▸ TASK OBJECTIVE
Copy out each line of the material in which the word "onclick" can be found.

● ● ●

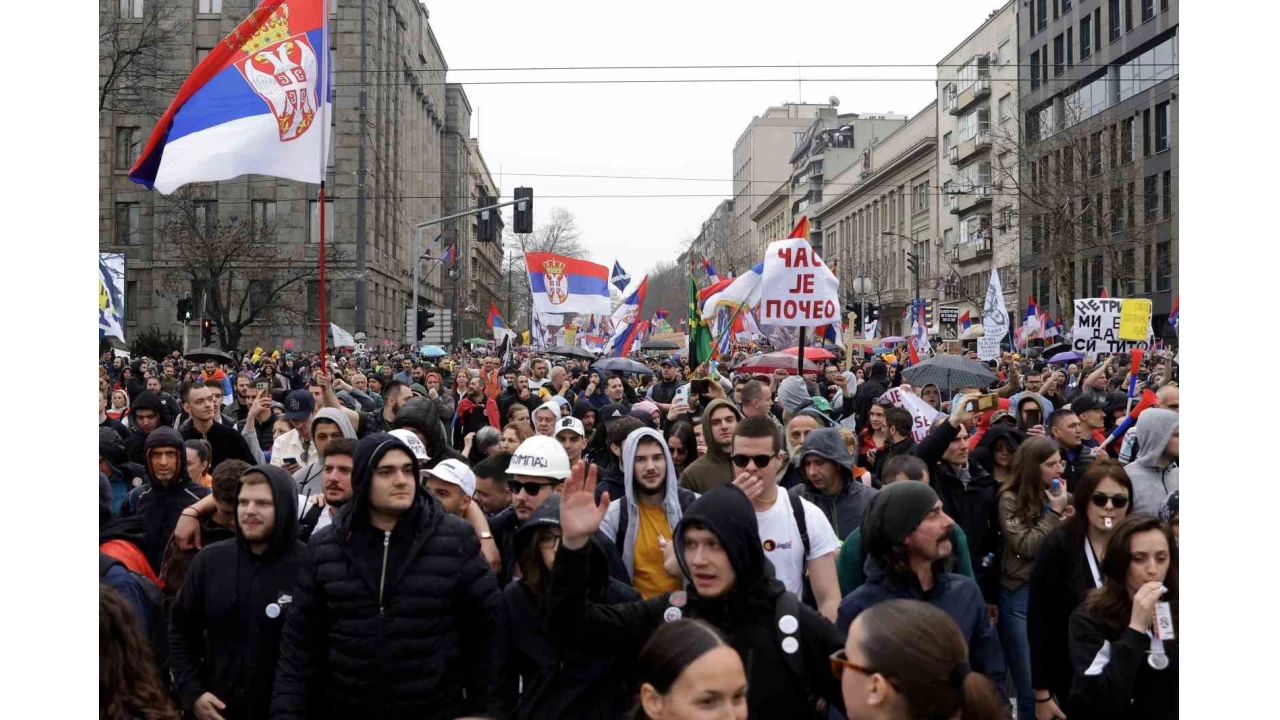 Sırbistan'da "ülke tarihinin en kalabalık protestosu"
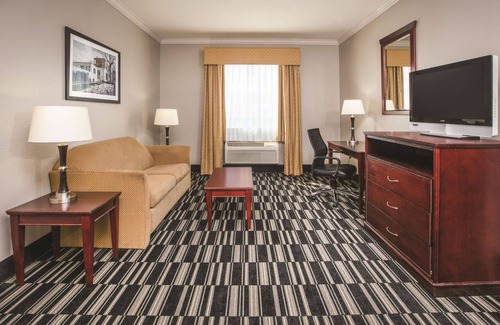 DeSoto Hotel | Baymont by Wyndham Dallas South-DeSoto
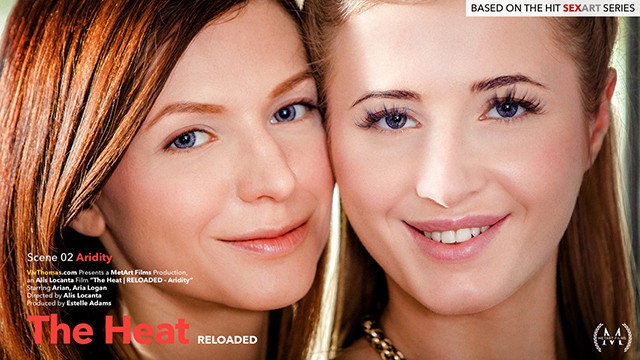 Viv Thomas presenta oscenità mani nella figa con Aria Logan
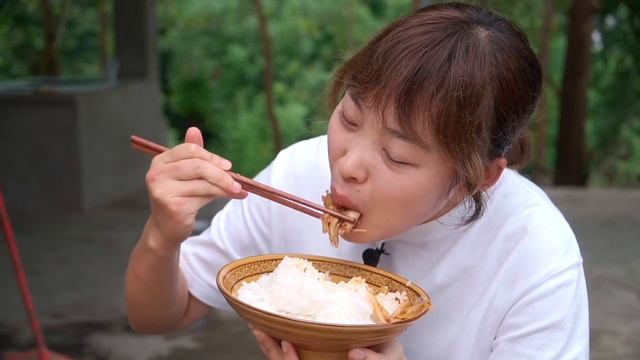 弟弟感冒了，秋妹體貼弟弟做“仔薑鴨”驅寒，吃完一大盤，舒服多了！ 【顏美食】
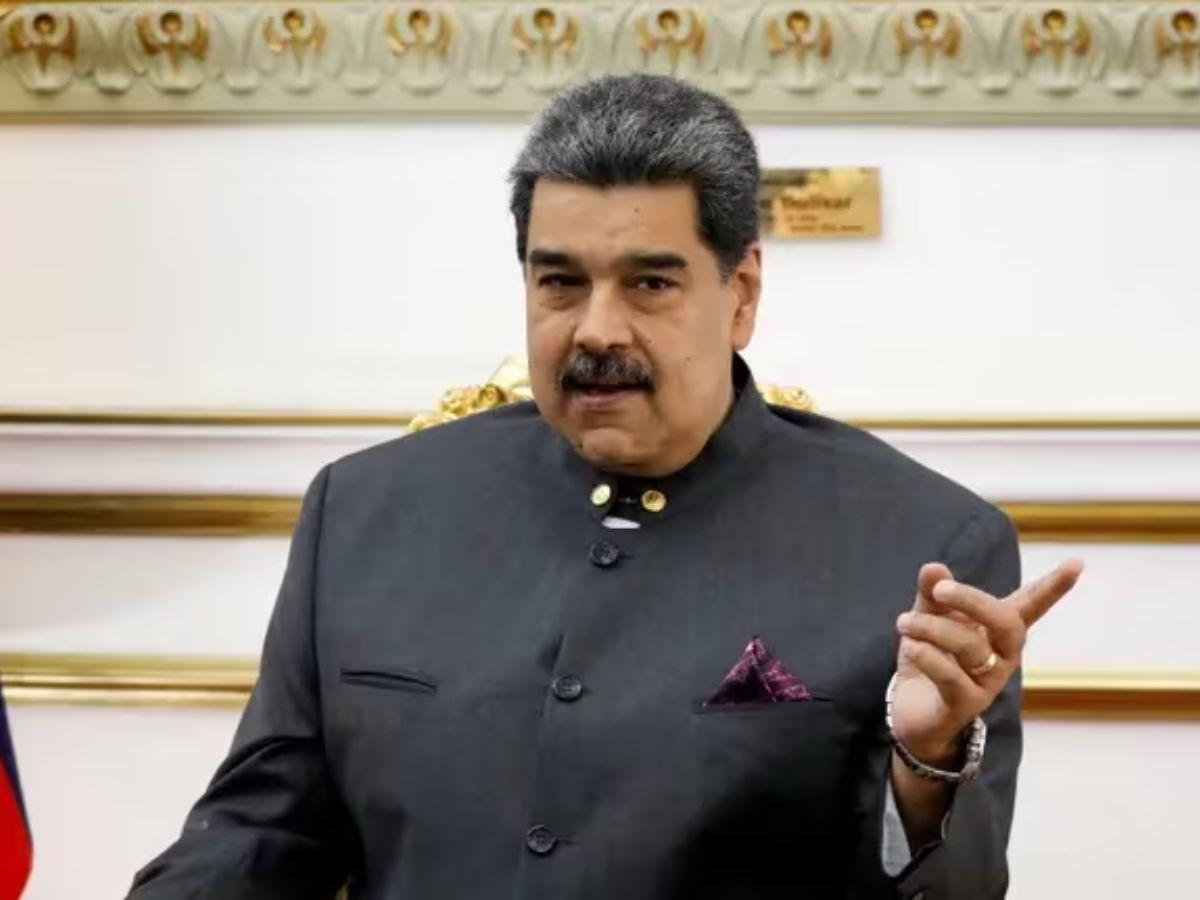 Maduro acusa a Milei de “robar” avión tras decomiso en Argentina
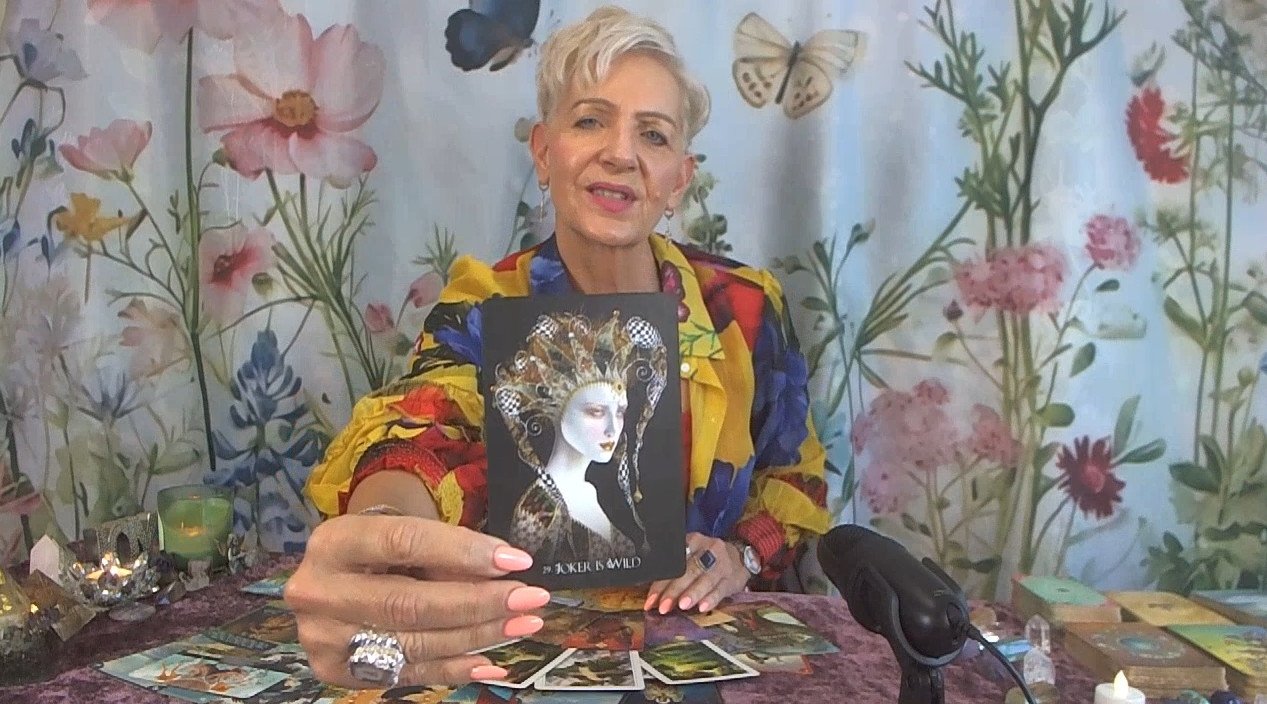 Sudden Wealth & Hidden Intentions Revealed | Weekly Horoscope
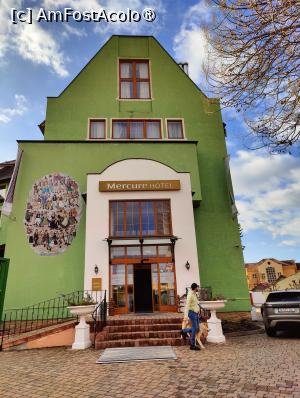 [P02] Hotel Mercure Binderbubi; intrarea » foto by crismis
 - 
<span class="allrVoted glyphicon glyphicon-heart hidden" id="av1478966"></span>
<a class="m-l-10 hidden" id="sv1478966" onclick="voting_Foto_DelVot(,1478966,4223)" role="button">șterge vot <span class="glyphicon glyphicon-remove"></span></a>
<a id="v91478966" class=" c-red"  onclick="voting_Foto_SetVot(1478966)" role="button"><span class="glyphicon glyphicon-heart-empty"></span> <b>LIKE</b> = Votează poza</a> <img class="hidden"  id="f1478966W9" src="/imagini/loader.gif" border="0" /><span class="AjErrMes hidden" id="e1478966ErM"></span>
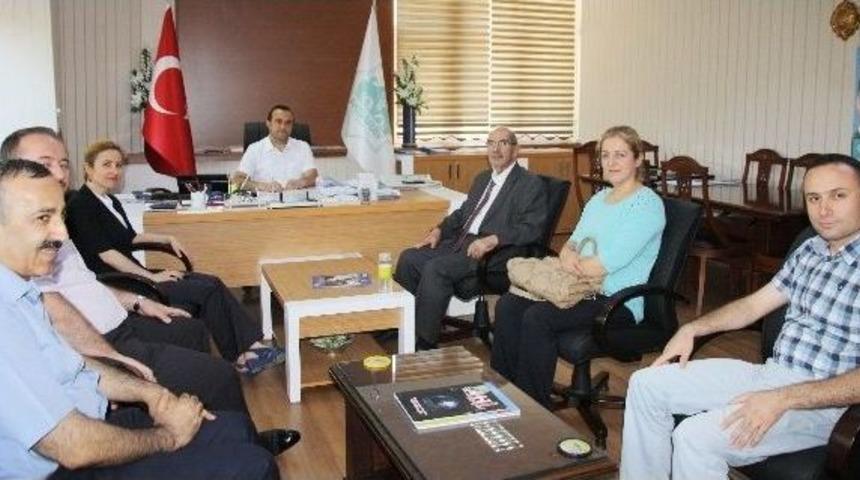 Sağlık&ccedil;ılardan Başkan Yazgı&rsquo;ya Ziyaret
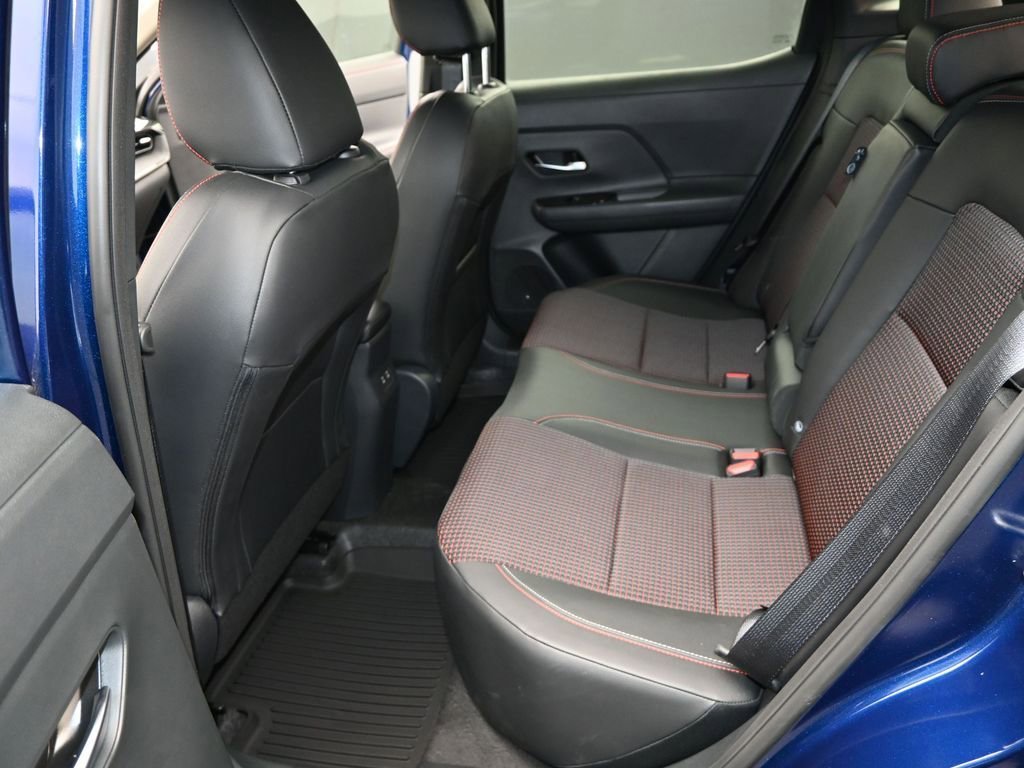 New 2026 Nissan Kicks SR FWD image 14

● ● ●

▸ COMPLETED TASK
<a class="m-l-10 hidden" id="sv1478966" onclick="voting_Foto_DelVot(,1478966,4223)" role="button">șterge vot <span class="glyphicon glyphicon-remove"></span></a>
<a id="v91478966" class=" c-red"  onclick="voting_Foto_SetVot(1478966)" role="button"><span class="glyphicon glyphicon-heart-empty"></span> <b>LIKE</b> = Votează poza</a> <img class="hidden"  id="f1478966W9" src="/imagini/loader.gif" border="0" /><span class="AjErrMes hidden" id="e1478966ErM"></span>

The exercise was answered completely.